Unity Biotechnology, a Bay Area-based company, has developed a potent Bcl-xL inhibitor (UBX1325) currently in clinical trials to eliminate senescent cells in diabetic macular edema, age-related macular degeneration, and diabetic retinopathy (Unity Biotechnology [UBX1325]). Senescent cells have ceased to divide and have entered a state of permanent growth arrest, also known as senescence. These cells don’t die when they should and release inflammatory cytokines, contributing to aging-related diseases. As the immune system becomes less efficient with age, senescent cells accumulate and damage neighboring, healthy cells (NIA [Does cellular senescence hold secrets for healthier aging?]). Their Phase 2 results show that targeting senescence may reduce the impact of aging:

• A single injection of UBX1325 led to a statistically significant and clinically relevant improvement in Best Corrected Visual Acuity of 7.6 ETDRS letters at 24 weeks compared to placebo treatment.

• UBX1325 maintained stabilization of the retinal structure, as measured by central subfield thickness at 24 weeks, as compared to worsening from baseline in placebo-treated patients.

• The proportion of rescue-free patients in the UBX1325-treated arm was 59.4% at 6 months after a single injection, compared to only 37.5% in the placebo-treated arm (Unity Biotechnology [Unity Biotechnology Announces Positive 24-week Data From Phase 2 Behold Study of Ubx1325 in Patients With Diabetic Macular Edema]).

Drug Discovery Lab at UCLA

Here at UCLA, Dr. Varghese John’s Drug Discovery Lab is working to develop new small molecule compounds as therapeutics for Alzheimer’s Disease (AD). AD is a progressive neurodegenerative disorder that affects memory, thinking, and behavior. It is the leading cause of dementia; its most significant risk factor is age (Alzheimer’s Association [What is Alzheimer’s Disease?]). Currently approved AD therapeutics (tacrine, donepezil, rivastigmine, galantamine, and memantine) only provide unsustained symptomatic relief and do not stop disease progression. Dr. John’s lab aims to change this by identifying new therapeutic targets and developing small-molecule drugs that can modulate novel targets. These include:

• BACE Inhibitors: Amyloid precursor protein (APP) is cleaved by the enzyme BACE, which produces Aβ, a protein that aggregates and damages neurons.

• sAPPα Enhancers: APP can be processed by an enzyme called ADAM10, which leads to the production of a neurotrophic protein called sAPPα. sAPPα reduces the production of Aβ and is needed for the normal functioning of the synapses between neurons.

• APP-C31 Inhibitors: In addition to BACE and ADAM10 cleavage, APP may be cleaved by an enzyme called a caspase to form a toxic molecule called APP-C31. APP-C31 formation is increased during early AD and is associated with inflammation.
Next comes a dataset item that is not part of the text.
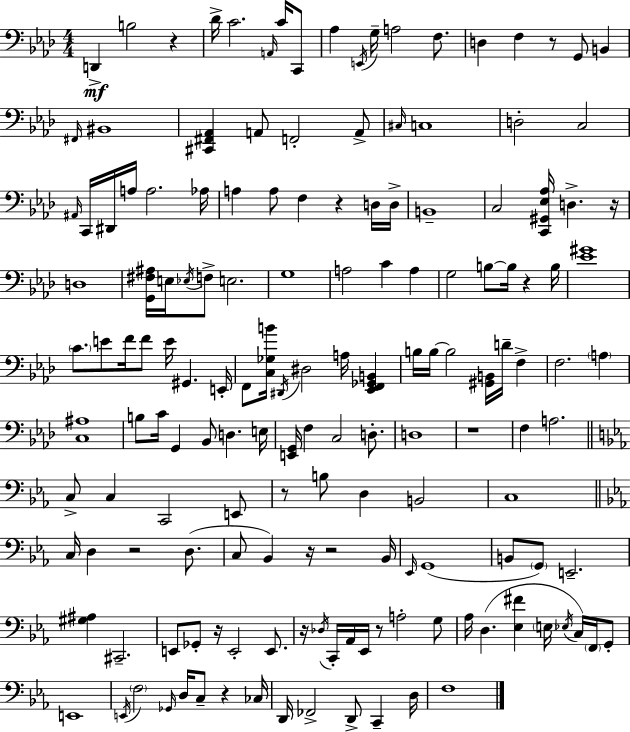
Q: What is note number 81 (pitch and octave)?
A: F3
• SirT1 Enhancers: SirT1 is a longevity determinant found in the brain and body that promotes healthy aging. It is found to be lower in the blood serum of AD patients.

Dr. John’s lab has created a new chemical entity called DDL110, a small molecule that increases the sAPPα to Aβ ratio by interacting with two brain cell receptor pathways (crosses the blood-brain barrier). It was shown to have improved AD-like deficits to a greater degree than currently approved drugs in a mouse model and is now in clinical trials (John [Research]).

Bryan Johnson - Blueprint

Bryan Johnson, a 45-year-old Silicon Valley millionaire, has enlisted a team of over 30 doctors to monitor each of his organs and over 100 biomarkers to reverse his epigenetic age to 18 years old at the cost of $2 million per year. His routine is available to follow on his website (https://blueprint.bryanjohnson.co/) and consists of reasonable protocols such as a skincare, workout, bedtime, and oral care routine, but also includes eating the same three optimized, vegan meals each day, 50 daily supplements, monthly blood tests, and more.
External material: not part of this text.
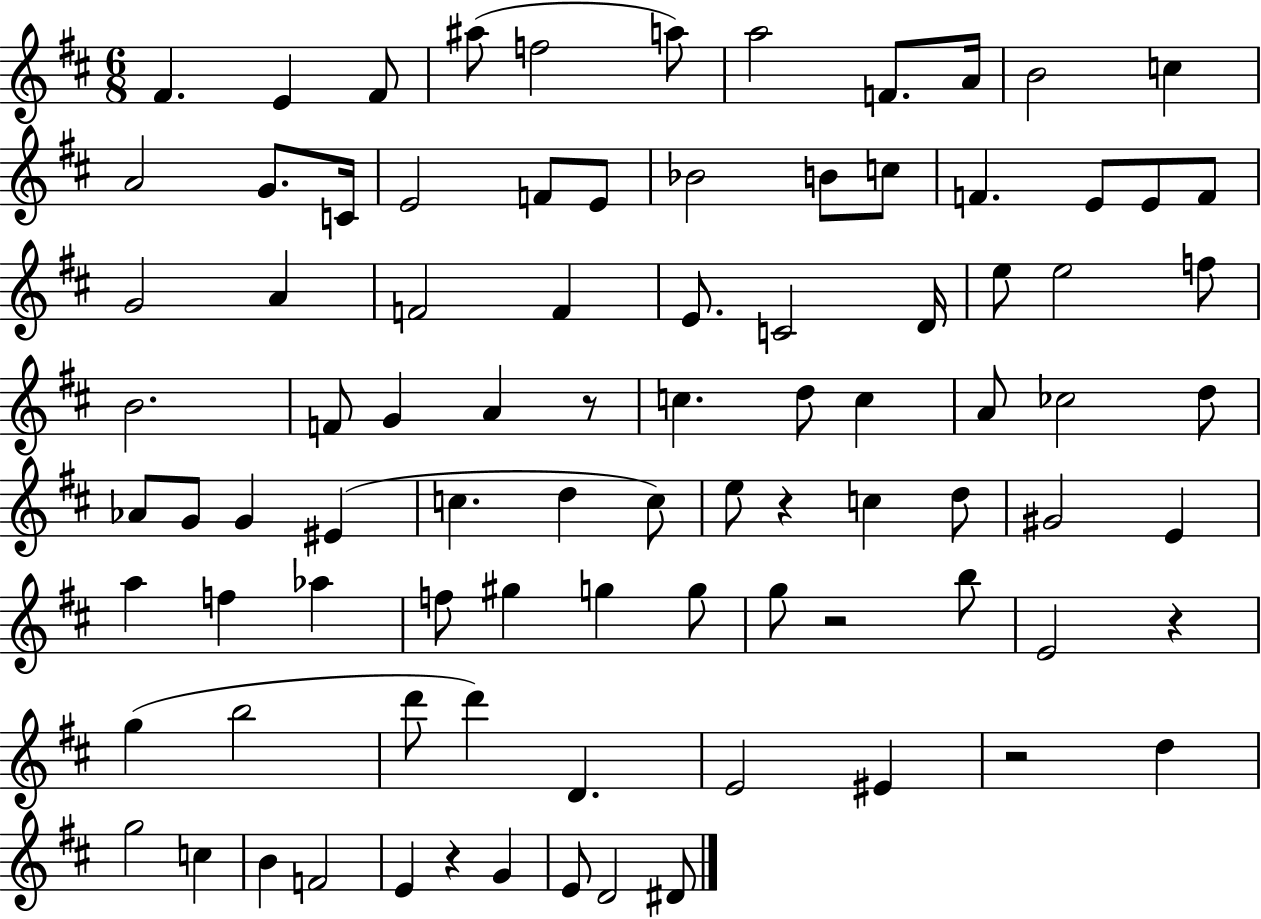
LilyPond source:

In 2021, he reduced his epigenetic age from 47 to 42, slowed his pace of aging by 28%, and achieved 50+ perfect biomarkers and 100+ biomarkers, indicating he is less than his chronological age and has the physical fitness of an 18-year-old (Johnson [Blueprint]).

While his methods may strike as biotech-infused snake oil and may sound extreme, Johnson is breaking ground in the field of longevity and is proving the effects that lifestyle can have on aging, or rather, on reversing aging.